Multi-Proxy, Monthly Climate Reconstruction

Collaborators: Stefano Galelli, Chenxi Xu, and Brendan Buckley

paper 1 paper 2 Commentary Data & code 1 Data & code 2 package Data on NOAA

Motivations & Objectives

Tree rings, with annual resolution and precise dating, can provide temporally high-resolution proxy records of past climate. However, annually-resolved tree ring data still restrict how tree-ring-based paleoclimate reconstructions can be used in subsequent applications, where finer resolutions are desirable. For example, it is often difficult to compare annual climate reconstructions against historical events, because an event may have happened outside the target season of the reconstruction, or two opposite events (a flood and a drought) may be smoothed out by a reconstruction that targets the annual average (Wise, 2021). In addition, and specific to water resources, annual streamflow reconstructions have provided important insights into surface water availability, but cannot be used directly in water management models which require monthly, weekly, or even daily data (Galelli et al., 2021).

How do we obtain subannual climate reconstructions from annual tree rings? Earliest attempts used statistical methods to disaggregate each annual value to multiple subannual ones, assuming a fixed relationship between the two resolutions (Prairie et al., 2007, 2008; Saito et al., 2015; Sauchyn & Ilich, 2017). Later works incorporated multiple species and sites, leveraging the fact that different tree species have different seasonal sensitivities to the hydroclimate, and that there can be different time lags in hydrologic responses at various sites (Stagge et al., 2018; Stahle et al., 2020; Wise, 2021). A third approach uses intra-annual measurements of stable oxygen isotope ratios (δ¹⁸O) in tree ring cellulose to reconstruct intra-annual precipitation (Xu et al., 2016, 2021). This approach is promising, but the current methods are time-consuming and expensive.

We seek to address simultaneously two challenges that were previously considered in isolation:

How do we combine multiple paleoclimate proxies that have different seasonal sensitivity?
How do we preserve the annual mass balance? That is, we need to ensure that the sum of the monthly precipitations or streamflows is close to the annual figures.

Our case study is the Chao Phraya River Basin, Thailand.

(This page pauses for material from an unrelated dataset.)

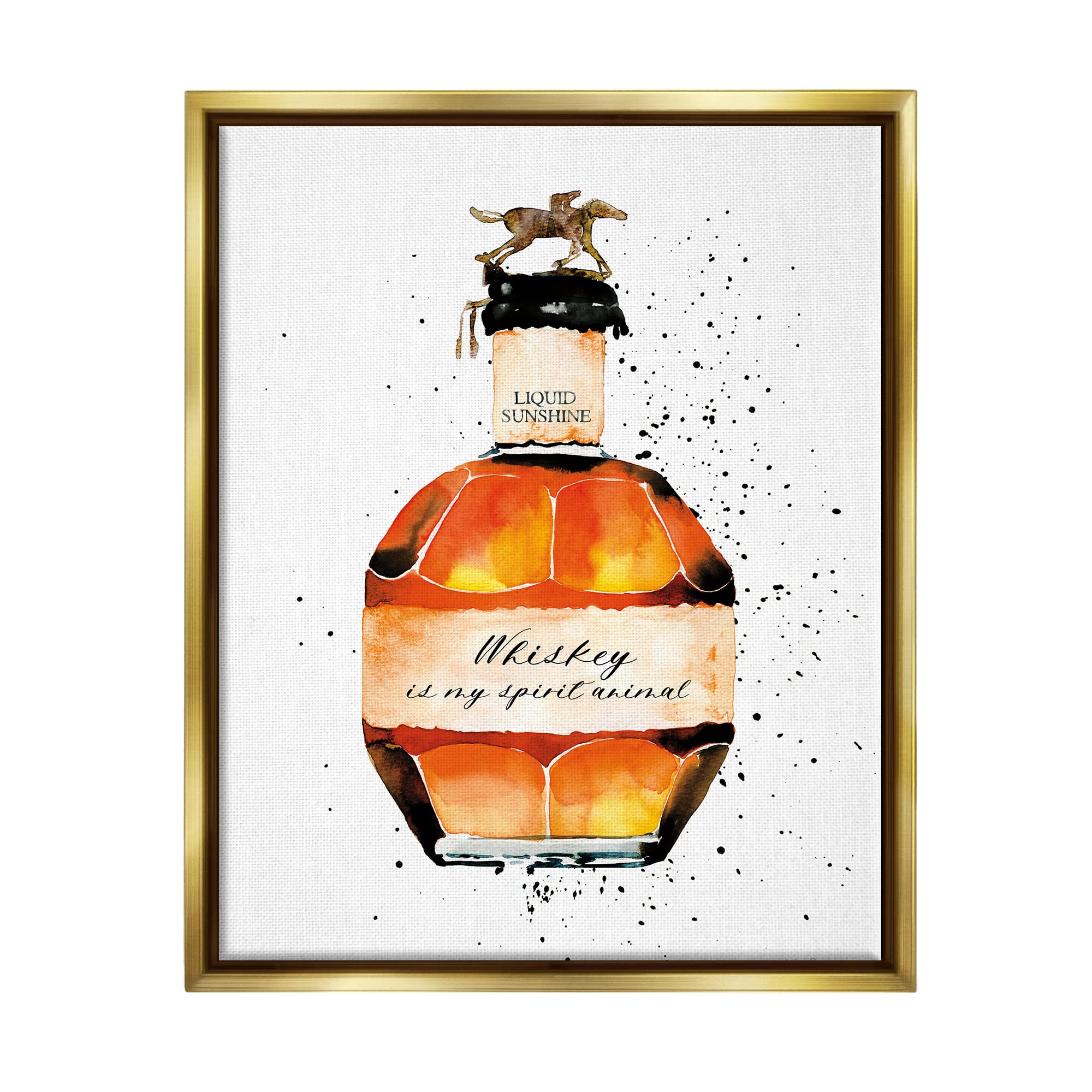 Stupell Industries Whiskey is My Spirit Animal Quote Liquor Bottle - Funny Bar Decor & Home Wall Art by Mercedes Lopez Charro | Perfect for Whiskey Lovers, Man Cave Decor & Gifts for Alcohol Enthusiasts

A novel aspect of this work is to incorporate δ¹⁸O together with ring width, motivated by an earlier result (Xu et al., 2019) that δ¹⁸O correlates strongly with streamflow in the peak monsoon season, which has been a difficult season for reconstruction with ring width.

Results & Implications

We develop a novel method called mass balance regression (MBR). It is published as an R package named mbr. We first tested this framework with a seasonal recosntruction (wet and dry seasons) of the Ping River streamflow. The framework works really well (Nguyen et al., 2021). We then expanded our application to a monthly reconstruction at all four major tributaries (Ping, Nan, Yom, and Wang) of the Chao Phraya (Nguyen et al., 2022). We also wrote a commentary

Our framework can be reapplied and expanded in several ways. First, the mass balance formulation is applicable to other climate variables such as precipitation, and to other contexts where a penalty term in the regression equation is desirable. For example, if one wishes to reconstruct streamflow at two tributaries as well as the main stream of a river, the mass balance adjustment should be used to minimize the differences between the total flow of the tributaries and the flow on the main stream. Second, if more proxies—such as wood density (Schweingruber & Briffa, 1996) or blue intensity (Buckley et al., 2018)—are available, they can also be incorporated into the reconstruction framework.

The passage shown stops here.